● THE DATA
══════════════════════════════

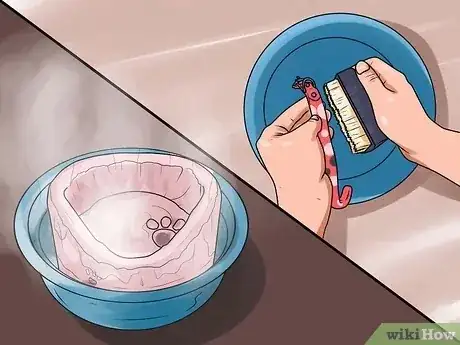 صورة عنوانها Identify Mange on Dogs Step 15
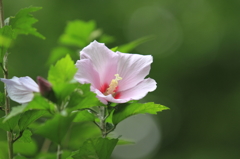 花便り　- 夏緑の中で -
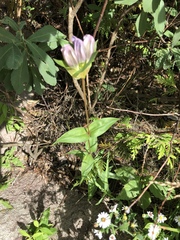 Gentiana rubricaulis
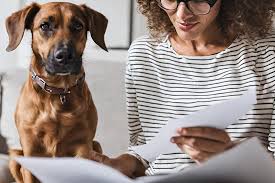3. Is Pet Insurance Worth the Investment? 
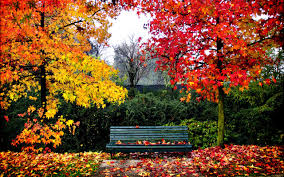 Pin on #Otoño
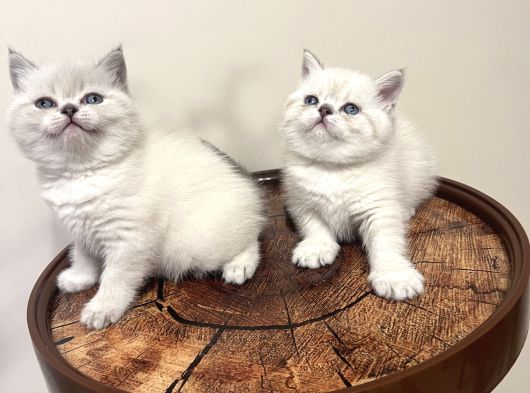 Safkan Oyuncu British Blue Point Bebeği̇m görsel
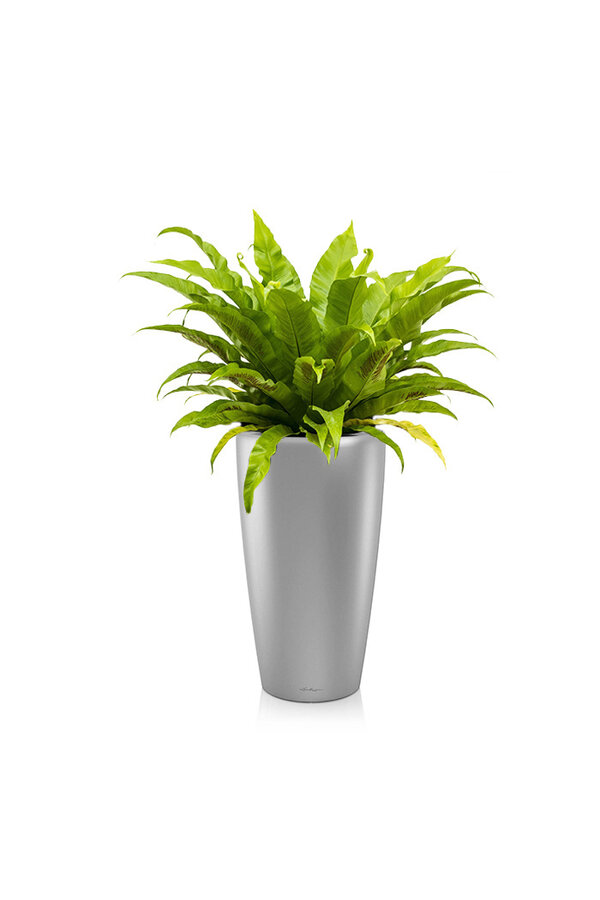 Asplenium w samonawadniającej doniczce Rondo
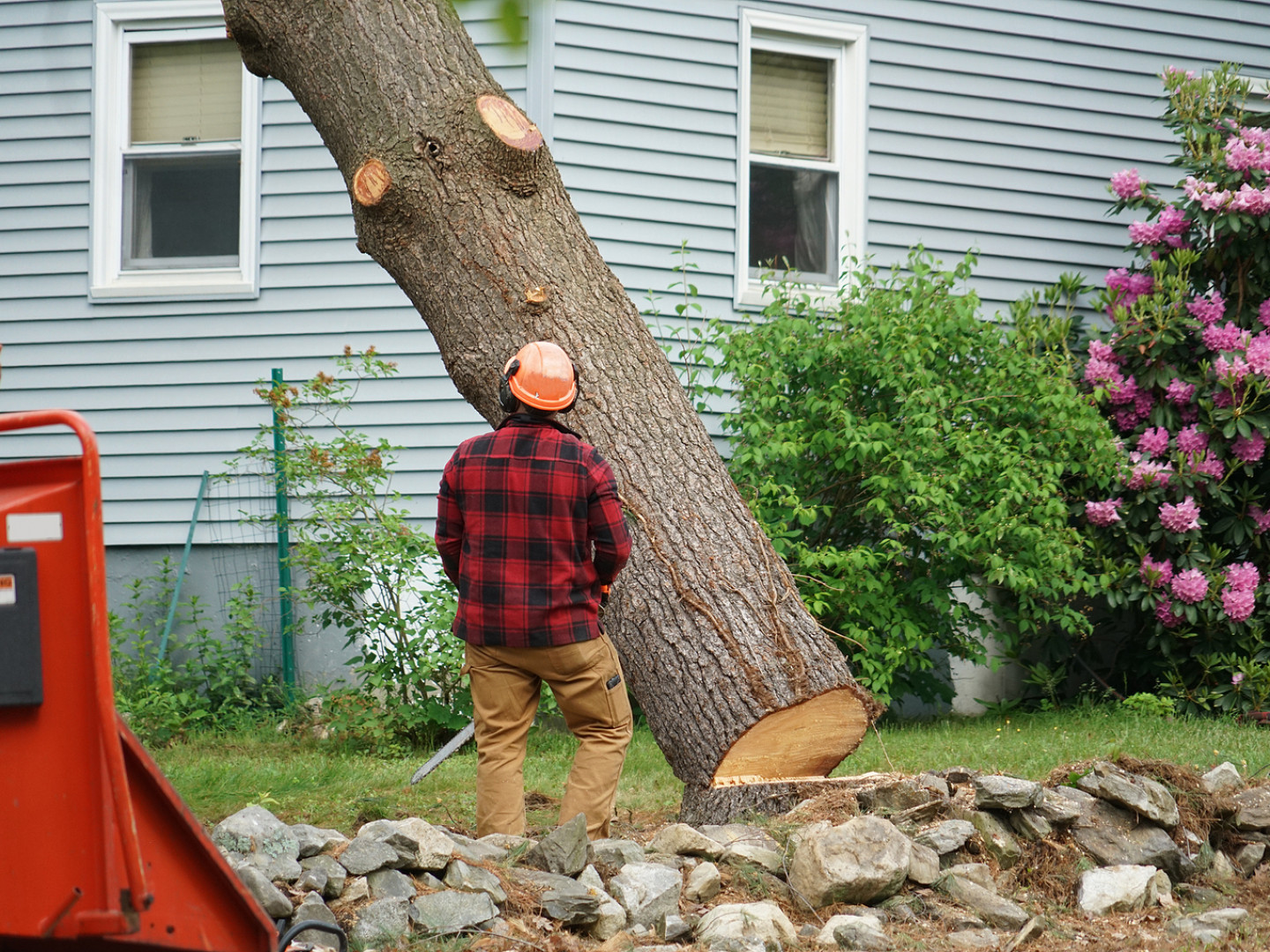 Tree Removal & Stump Removal Boerne & Kerrville, TX Gilbert Tree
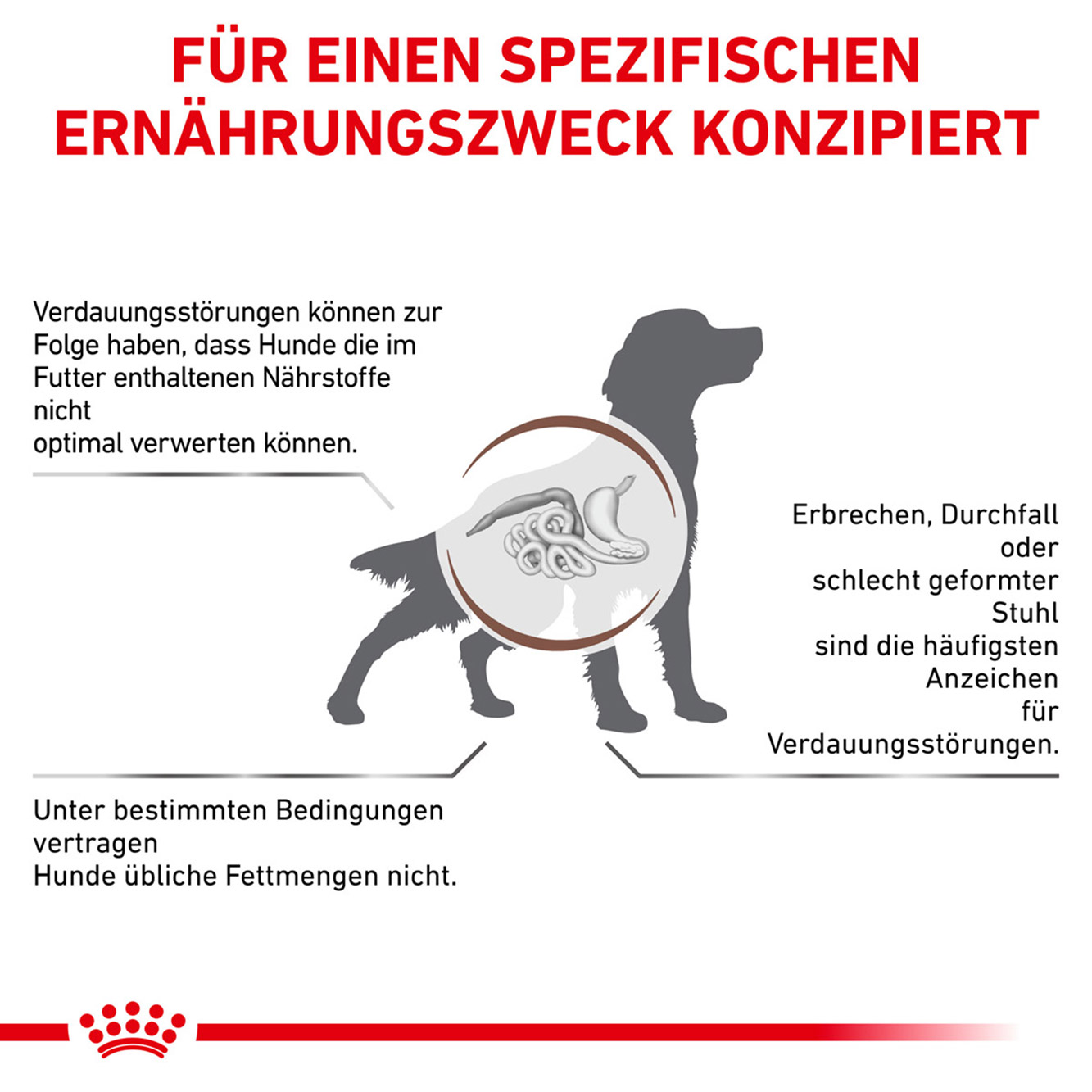 Royal Canin Hund GastroIntestinal low fat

══════════════════════════════

● TASK INSTRUCTIONS
Only exact duplicates of the lines from the one containing "Pin on #Otoño" through the final line of the entries, both included, are needed, with pictures left out.

● REPLY
 Pin on #Otoño
 Safkan Oyuncu British Blue Point Bebeği̇m görsel
 Asplenium w samonawadniającej doniczce Rondo
 Tree Removal & Stump Removal Boerne & Kerrville, TX Gilbert Tree
 Royal Canin Hund GastroIntestinal low fat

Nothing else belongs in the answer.